Zugegeben, der Begriff «Nachhaltigkeit», der derzeit in alle Munde ist, klingt sperrig und wenig greifbar. Tatsächlich versteht jeder etwas anderes darunter und Definitionen gibt es viele. Die wohl gebräuchlichste Definition geht auf die Vereinten Nationen aus dem Jahr 1987 zurück, wonach eine nachhaltige Entwicklung eine Entwicklung ist, die gewährt, dass künftige Generationen nicht schlechter gestellt sind, ihre Bedürfnisse zu befriedigen als gegenwärtig lebende. Dabei stehen im Zentrum nicht nur die Umwelt (Reduzierung CO₂ etc.), sondern auch wirtschaftliche und soziale Aspekte. Die UN-Charta Nachhaltigkeit hat dies in 17 Ziele für nachhaltige Entwicklung konkretisiert:
«Keine Armut, kein Hunger, Gesundheit und Wohlergehen, hochwertige Bildung, Geschlechtergleichheit, sauberes Wasser, bezahlbare und saubere Energie, menschenwürdige Arbeit und Wirtschaftswachstum, Industrie, Innovation und Infrastruktur, weniger Ungleichheiten, nachhaltige Städte und Gemeinden, nachhaltige/r Konsum und Produktion, Massnahmen zum Klimaschutz, Leben unter Wasser, Leben an Land, Frieden, Gerechtigkeit und starke Institutionen, Partnerschaften zum Erreichen der Ziele.»
Grundlagen für nachhaltigen Erfolg legen
Das hat unmittelbaren Einfluss auf Unternehmen: Finanzierungen und damit Umfang der Kreditzusage und deren Konditionen werden zunehmend an den Grad der Nachhaltigkeit der unternehmerischen Tätigkeit geknüpft. Das Haftungsrisiko bei Nichtbeachtung oder Nichteinhaltung der ESG-Anforderungen steigt; auch ein Fortführungsrisiko kann gegeben sein, falls das Geschäftsmodell die Erreichung von Nachhaltigkeitszielen nicht hinreichend berücksichtigt.
Nun stehen Familienunternehmen, die über Generationen weitergegeben und weitergeführt werden, per se für wirtschaftliche «Nachhaltigkeit». Ein Familienunternehmen agiert in der Regel langfristig und ist nicht auf kurzfristige Gewinne und schnelle Erfolge aus. Es gilt, das Unternehmen auch für nächste Generationen zu erhalten und Grundlagen für einen nachhaltigen Erfolg für die Zukunft zu legen.

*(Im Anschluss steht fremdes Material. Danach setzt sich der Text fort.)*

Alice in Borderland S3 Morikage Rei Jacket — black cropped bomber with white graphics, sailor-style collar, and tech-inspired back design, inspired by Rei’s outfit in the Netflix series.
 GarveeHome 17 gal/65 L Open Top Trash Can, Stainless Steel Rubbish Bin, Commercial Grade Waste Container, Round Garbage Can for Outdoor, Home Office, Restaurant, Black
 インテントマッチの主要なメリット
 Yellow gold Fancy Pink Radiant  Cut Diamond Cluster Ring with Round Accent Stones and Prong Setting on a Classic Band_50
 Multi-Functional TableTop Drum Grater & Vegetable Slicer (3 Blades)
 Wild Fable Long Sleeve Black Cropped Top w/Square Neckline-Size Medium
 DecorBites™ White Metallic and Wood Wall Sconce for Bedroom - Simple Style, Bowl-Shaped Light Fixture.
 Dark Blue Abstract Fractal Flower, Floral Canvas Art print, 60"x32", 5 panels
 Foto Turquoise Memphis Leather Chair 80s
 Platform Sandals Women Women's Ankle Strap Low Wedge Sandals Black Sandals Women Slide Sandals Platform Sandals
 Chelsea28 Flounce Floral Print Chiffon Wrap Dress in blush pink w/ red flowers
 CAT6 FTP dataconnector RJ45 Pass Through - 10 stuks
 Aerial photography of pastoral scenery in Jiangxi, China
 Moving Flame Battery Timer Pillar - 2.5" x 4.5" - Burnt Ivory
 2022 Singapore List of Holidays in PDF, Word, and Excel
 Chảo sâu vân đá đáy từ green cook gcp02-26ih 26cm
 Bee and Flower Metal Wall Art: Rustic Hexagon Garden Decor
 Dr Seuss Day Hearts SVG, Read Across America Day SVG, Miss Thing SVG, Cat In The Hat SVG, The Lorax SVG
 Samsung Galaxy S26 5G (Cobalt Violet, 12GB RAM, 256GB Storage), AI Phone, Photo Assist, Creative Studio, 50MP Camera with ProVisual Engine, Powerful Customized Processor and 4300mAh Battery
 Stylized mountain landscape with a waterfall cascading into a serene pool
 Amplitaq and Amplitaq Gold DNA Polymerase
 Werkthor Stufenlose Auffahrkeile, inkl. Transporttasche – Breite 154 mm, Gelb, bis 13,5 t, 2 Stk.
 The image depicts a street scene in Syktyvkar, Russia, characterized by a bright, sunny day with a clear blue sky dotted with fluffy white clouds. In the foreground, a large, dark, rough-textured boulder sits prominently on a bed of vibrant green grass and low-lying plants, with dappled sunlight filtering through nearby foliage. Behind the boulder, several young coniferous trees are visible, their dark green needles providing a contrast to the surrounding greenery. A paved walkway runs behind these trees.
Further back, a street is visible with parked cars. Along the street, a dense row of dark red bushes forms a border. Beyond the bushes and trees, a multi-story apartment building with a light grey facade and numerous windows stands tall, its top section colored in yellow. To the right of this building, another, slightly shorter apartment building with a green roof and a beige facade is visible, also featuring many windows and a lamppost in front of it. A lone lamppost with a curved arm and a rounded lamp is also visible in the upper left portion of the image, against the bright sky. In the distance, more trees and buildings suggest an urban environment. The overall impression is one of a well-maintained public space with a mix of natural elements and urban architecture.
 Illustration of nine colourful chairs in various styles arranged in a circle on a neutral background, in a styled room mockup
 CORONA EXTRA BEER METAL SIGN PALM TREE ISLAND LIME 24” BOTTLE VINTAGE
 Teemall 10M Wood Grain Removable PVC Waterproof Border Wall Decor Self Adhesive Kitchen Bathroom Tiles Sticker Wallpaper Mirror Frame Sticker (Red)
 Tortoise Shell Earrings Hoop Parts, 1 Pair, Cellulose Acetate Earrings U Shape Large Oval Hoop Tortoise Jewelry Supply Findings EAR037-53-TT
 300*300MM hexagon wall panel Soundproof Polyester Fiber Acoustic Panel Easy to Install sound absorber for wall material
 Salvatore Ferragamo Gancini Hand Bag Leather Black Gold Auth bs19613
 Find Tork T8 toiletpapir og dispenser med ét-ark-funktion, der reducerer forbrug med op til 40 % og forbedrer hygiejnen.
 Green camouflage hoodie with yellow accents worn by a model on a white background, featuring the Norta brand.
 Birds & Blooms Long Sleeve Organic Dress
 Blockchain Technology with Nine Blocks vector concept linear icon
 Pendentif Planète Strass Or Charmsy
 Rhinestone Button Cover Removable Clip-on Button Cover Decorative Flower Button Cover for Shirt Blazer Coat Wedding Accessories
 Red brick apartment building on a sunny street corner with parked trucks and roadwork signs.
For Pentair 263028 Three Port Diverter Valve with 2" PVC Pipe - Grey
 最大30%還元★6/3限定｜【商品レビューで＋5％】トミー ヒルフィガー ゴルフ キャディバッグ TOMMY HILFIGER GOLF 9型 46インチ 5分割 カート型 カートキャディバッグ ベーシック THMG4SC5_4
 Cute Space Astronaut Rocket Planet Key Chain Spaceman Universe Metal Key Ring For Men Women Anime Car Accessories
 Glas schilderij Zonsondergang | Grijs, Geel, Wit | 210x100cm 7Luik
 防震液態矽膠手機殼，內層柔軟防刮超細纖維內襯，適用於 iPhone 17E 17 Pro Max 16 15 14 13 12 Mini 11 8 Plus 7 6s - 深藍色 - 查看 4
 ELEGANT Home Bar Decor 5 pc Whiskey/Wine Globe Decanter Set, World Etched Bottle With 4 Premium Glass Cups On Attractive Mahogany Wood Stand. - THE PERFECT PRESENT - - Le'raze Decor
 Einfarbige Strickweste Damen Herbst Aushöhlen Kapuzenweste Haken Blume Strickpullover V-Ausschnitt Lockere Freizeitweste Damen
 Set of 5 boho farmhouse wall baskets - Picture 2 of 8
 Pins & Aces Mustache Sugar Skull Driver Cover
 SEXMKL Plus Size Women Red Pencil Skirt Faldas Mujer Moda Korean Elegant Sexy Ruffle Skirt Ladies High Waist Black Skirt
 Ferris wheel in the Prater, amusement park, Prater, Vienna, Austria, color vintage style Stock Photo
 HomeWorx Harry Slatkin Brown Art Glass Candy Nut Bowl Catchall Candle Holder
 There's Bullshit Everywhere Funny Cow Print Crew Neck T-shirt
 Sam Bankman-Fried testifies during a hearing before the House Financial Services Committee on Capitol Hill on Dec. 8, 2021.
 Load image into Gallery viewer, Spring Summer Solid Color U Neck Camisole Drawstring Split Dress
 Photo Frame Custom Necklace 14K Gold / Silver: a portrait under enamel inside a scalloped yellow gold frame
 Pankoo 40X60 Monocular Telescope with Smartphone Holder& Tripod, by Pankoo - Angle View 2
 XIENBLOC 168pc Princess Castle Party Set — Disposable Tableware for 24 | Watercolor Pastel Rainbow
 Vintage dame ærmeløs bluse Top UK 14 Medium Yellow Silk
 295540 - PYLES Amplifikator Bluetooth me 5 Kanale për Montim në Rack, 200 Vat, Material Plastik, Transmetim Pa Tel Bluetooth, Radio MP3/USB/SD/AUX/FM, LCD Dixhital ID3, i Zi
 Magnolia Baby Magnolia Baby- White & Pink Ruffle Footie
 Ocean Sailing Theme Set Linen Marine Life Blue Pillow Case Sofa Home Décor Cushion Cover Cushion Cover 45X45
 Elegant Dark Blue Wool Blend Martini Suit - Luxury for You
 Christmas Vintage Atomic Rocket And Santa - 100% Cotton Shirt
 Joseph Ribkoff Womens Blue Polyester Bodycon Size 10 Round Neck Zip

Schwerpunkte setzen, Handlungen ableiten und Regelkreise etablieren
Nicht nur wegen der mittlerweile geltenden und von der EU konkretisierten Regulatorien, sondern gerade auch, um den Generationswechsel attraktiver werden zu lassen und auch der NextGen einen Sinn für eine Übernahme und Fortführung des Unternehmens zu geben, ist es angebracht, rechtzeitig die ESG-Themen und die in der UN-Charta festgehaltenen Ziele sowohl in der Familienstrategie als auch in der Unternehmensstrategie zu definieren. Es sollten Schwerpunkte gesetzt und daraus Handlungen abgeleitet und Regelkreise etabliert werden.
Dabei ist es sinnvoll, wenn die jetzigen und zukünftigen Unternehmenslenker und Mitglieder des Familienunternehmens gemeinsam mit einer unabhängigen und erfahrenen Beratung diese wichtigen Zukunftsthemen erörtern und definieren.